§ Supplied material
::::::
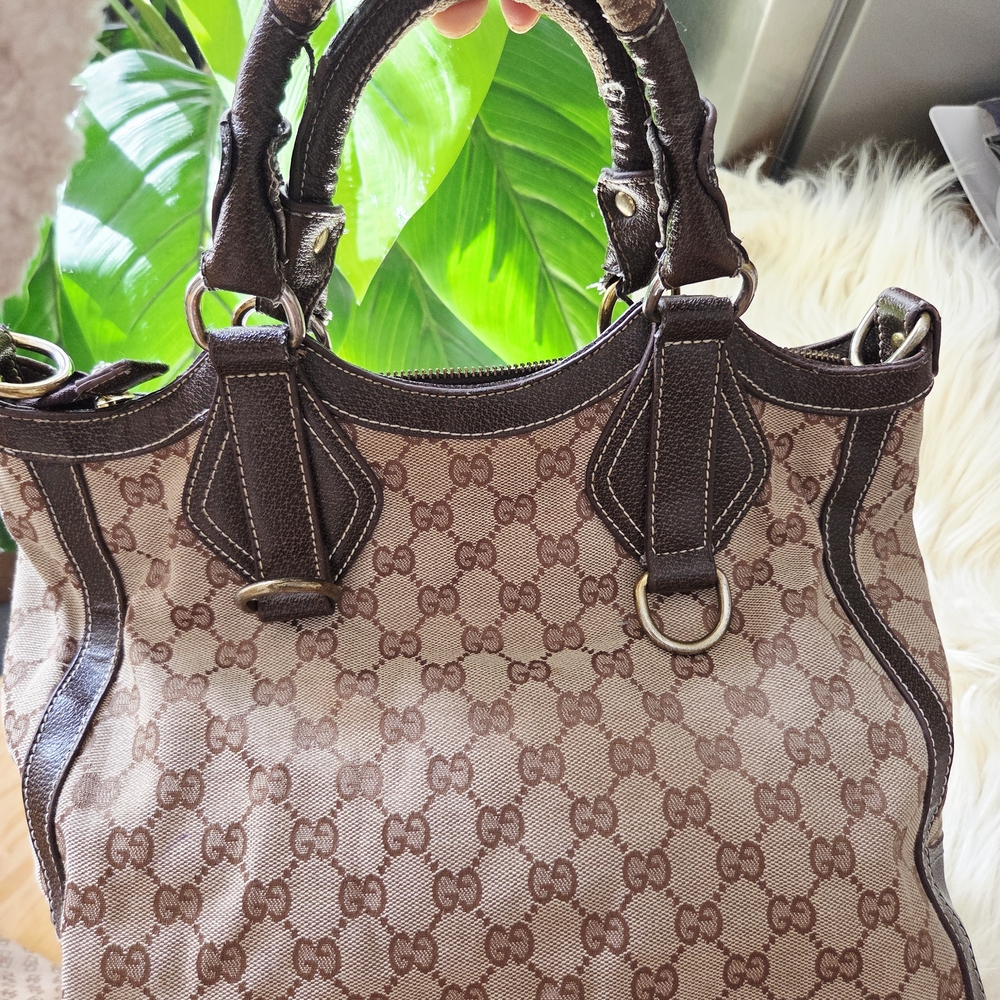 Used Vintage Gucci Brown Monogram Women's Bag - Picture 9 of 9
::::::
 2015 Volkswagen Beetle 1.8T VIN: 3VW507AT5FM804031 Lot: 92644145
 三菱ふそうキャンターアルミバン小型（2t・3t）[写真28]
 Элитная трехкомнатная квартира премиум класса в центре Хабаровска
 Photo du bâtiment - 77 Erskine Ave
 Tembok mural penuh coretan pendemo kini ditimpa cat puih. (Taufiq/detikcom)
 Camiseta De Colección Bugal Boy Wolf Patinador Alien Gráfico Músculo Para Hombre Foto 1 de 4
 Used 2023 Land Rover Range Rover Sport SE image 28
::::::
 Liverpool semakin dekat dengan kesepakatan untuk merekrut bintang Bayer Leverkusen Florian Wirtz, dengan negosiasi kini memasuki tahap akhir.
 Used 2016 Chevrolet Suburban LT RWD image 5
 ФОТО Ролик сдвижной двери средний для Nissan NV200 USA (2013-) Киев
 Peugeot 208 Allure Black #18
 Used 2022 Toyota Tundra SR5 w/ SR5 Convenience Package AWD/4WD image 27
::::::
§ Directions for this task
Copy out, word for word, the part of the entries above that begins at the line with "Camiseta De Colección" and ends at the line with "Used 2023 Land", including both.

§ Task answer
 Camiseta De Colección Bugal Boy Wolf Patinador Alien Gráfico Músculo Para Hombre Foto 1 de 4
 Used 2023 Land Rover Range Rover Sport SE image 28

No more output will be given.